La invención de la soledad. Trad. M. Eugenia Ciocchini. Barcelona, Anagrama, 2012

Como si no existiera

Que las buenas cosas dicen que si no existieran habría que inventarlas, al parecer. Aquí Dios Auster en su infinita capacidad de mezclar aforismos con biografía y opiniones personales con filosofía de andar por casa, nos explica que las relaciones padres-hijos no son fáciles y que de hecho, son inescrutables.

La muerte de un padre es un palo, algo habíamos leído. La desaparición repentina impone la realidad de que un día hay vida (lapidaria primera frase del libro, léase: vamos a morir todos y lo sabéis) después ya viene todo lo demás; nimiedades como el descubrir quién era en realidad el padre de uno, a qué dedicaba su tiempo libre, de dónde brotaba su humor o la ausencia del mismo, sus amigos, sus enemigos y en su caso, el trauma escondido en la noche de los tiempos de su familia, los Auster de toda la vida.

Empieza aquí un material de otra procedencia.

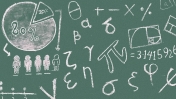 Na zdjęciu tablica z wzorami matematycznymi.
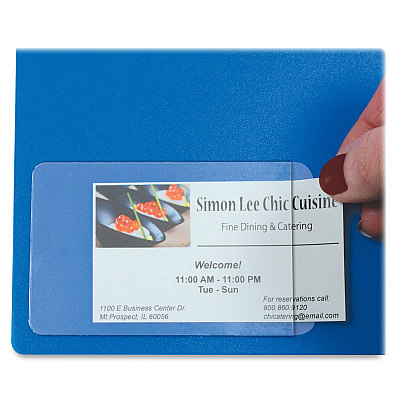 C-Line Self-Adhesive Business Card Holders (CLI70238)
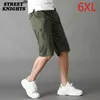 Shorts masculinos 6xl 2022 New Men Cargo Shorts Mens Summer Belas Casual Bermudas 100 Algodão Rápido Multi Pocket Bolgger Shorts Masculino Z0216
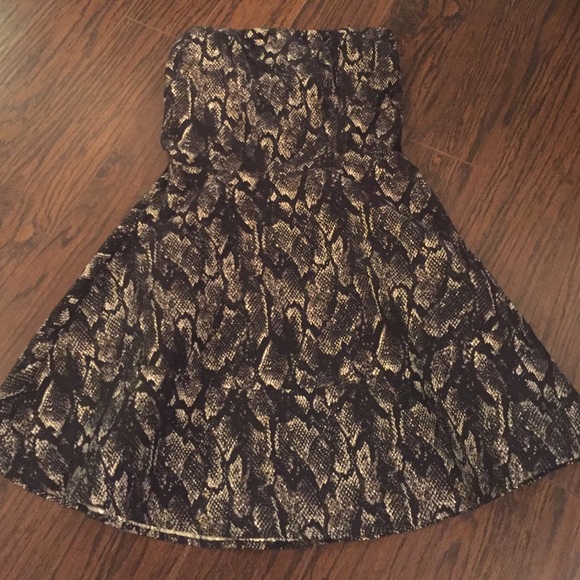 Express strapless A-line dress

La invención de la soledad tiene dos partes. Yo me quedo con la primera, con el Retrato de un hombre invisible, claramente, porque no entiendo por qué primero el narrador se reboza en detalles personales que nadie le ha pedido, para luego saltar a la tercera persona y ocultar identidades con nombres reducidos a una inicial y un punto a partir de la página 98, en el bloque titulado El libro de la memoria.

Así que fingiendo que no existe y que uno se la inventa, si ha de hacerlo de algún modo que sea describiendo a aquél que nunca llegó a conocer plenamente y que debe reconstruir con el recuerdo de los otros.

Que para contar lo que es un hijo frente a un padre, yo me quedo con Halfon y su Saturno. Punto.